During a negative sentiment trend, the stock market price declines, and the news seems to get worse and worse. However, once the negative sentiment has run its course, and it is time for sentiment to change direction based upon attaining its Fibonacci proportions, the general public then becomes subconsciously more positive. When people become positive about their future, they are willing to take risks. And, what is the most immediate manner in which the public can actuate this newly turned positive sentiment? Well, the easiest and most immediate way for the general public to actuate positive feelings about the future of the country is to buy stocks. For this reason, we see the stock market lead in a movement in the opposite direction. And, this is why Elliott believed that the stock market was the best barometer of public sentiment that we could find.


But, let's look at the same change in positive sentiment, and what it takes to have an effect upon "fundamentals." When the general public's sentiment turns positive about the future, this is the point in time where they are willing to take more risks based upon their positive feelings about the future.


So, business owners and new entrepreneurs seek loans to either build or expand a business, which takes time to secure. They then place the newly acquired funds to work in their business by hiring more people or buying additional equipment, and this takes further time. With this new capacity, they are then able to provide more goods and services to the public, and, ultimately, profits and earnings begin to grow, again, after taking much more time.


And, when the news of such improved earnings finally hits the market, most market participants seemed shocked that the stock moves up strongly in an uptrend, and simply attribute the stock's rise to the announcement of positive earnings. This is exactly what prompted Elliott to note, in his 1946 publication of Nature's Law, "At best, news is the tardy recognition of forces that have already been at work for some time and is startling only to those unaware of the trend."

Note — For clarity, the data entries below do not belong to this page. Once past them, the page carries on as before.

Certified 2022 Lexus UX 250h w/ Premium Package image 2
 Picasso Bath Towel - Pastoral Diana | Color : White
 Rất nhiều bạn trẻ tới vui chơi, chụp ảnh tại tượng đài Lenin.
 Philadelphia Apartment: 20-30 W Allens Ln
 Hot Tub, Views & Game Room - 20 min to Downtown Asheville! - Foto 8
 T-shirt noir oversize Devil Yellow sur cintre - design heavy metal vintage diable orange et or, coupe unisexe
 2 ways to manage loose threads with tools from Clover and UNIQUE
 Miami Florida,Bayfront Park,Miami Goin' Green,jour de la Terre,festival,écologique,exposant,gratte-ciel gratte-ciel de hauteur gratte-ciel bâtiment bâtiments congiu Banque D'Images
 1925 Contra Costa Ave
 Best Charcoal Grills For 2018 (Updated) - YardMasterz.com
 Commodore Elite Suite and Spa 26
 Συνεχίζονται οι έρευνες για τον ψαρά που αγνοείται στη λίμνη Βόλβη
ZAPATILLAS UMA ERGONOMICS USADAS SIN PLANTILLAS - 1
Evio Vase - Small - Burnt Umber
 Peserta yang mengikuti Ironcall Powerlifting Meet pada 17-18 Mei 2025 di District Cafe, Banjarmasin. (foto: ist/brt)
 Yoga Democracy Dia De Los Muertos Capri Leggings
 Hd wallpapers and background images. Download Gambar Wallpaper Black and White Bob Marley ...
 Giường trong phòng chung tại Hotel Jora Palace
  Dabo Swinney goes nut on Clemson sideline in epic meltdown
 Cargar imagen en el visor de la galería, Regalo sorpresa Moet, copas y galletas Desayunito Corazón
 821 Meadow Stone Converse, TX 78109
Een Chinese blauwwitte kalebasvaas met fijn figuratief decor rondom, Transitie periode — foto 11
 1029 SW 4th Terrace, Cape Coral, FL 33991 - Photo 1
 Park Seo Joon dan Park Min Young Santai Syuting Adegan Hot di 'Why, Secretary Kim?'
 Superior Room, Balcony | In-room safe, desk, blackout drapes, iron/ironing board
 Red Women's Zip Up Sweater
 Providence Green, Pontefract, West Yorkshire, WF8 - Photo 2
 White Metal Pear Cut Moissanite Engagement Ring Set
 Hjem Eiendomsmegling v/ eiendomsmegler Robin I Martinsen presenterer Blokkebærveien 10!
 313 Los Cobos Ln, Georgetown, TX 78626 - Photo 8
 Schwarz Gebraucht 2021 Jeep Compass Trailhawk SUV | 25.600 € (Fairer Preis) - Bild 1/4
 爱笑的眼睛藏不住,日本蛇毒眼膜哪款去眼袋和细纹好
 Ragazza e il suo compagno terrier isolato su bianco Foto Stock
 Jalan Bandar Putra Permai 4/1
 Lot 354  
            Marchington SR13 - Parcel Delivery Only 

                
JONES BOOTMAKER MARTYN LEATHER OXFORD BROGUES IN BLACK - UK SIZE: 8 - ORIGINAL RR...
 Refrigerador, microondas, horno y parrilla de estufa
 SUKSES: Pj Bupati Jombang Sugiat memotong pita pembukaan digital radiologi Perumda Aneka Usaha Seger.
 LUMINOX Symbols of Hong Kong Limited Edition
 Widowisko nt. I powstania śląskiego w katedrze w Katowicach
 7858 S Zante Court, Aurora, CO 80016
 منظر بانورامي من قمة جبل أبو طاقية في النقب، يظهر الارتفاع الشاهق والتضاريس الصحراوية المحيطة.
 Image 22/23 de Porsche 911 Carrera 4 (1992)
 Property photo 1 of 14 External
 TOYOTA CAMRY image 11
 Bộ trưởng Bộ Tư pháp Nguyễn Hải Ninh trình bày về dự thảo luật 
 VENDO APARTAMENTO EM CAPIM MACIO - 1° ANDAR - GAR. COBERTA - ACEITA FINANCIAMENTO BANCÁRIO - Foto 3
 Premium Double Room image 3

So, there is a significant lag between the positive turn in public sentiment and the resulting change in "fundamentals" of a stock or the economy, especially when considered relative to the immediate actuating of such sentiment through the buying of stocks. It is for this same reason that fundamentalists are left holding the bag at the top of a market when the news and fundamentals look the best to them right before the market begins to dive. Anyone remember a little company named AAPL?


So, now you must be questioning how one can tell when sentiment is about to turn. Well, again, it brings us back to Leonardo Fibonacci and R.N. Elliott. After a 5 wave move in sentiment has completed, and the Fibonacci proportions have been mathematically satisfied, that is usually the signal that the market is ready to turn. This is the exact reason why I was able to predict the top in AAPL when everyone else was looking for $800-$1000.


So, where are we now in the pattern for gold? Well, nothing has really changed since last week:
As for GLD, it has still not been able to take out the long time support region we have been noting at the 151 level. So, for now, the immediate region of resistance I see for GLD is the 157-158.25 region. Assuming we can see a strong move through that region in GLD, then we can look towards the 161 region next, which represents the .764 extension down, as well as the .500 retracement of the prior larger rally.


And, if GLD can move through that region, then the final region that will be contested is the 170-174 region before we can see a massive break out taking us to new highs.


And, to remind you of the support levels below the important 151 region Fibonacci extension, it is the 148/149 confluence region, and then 146.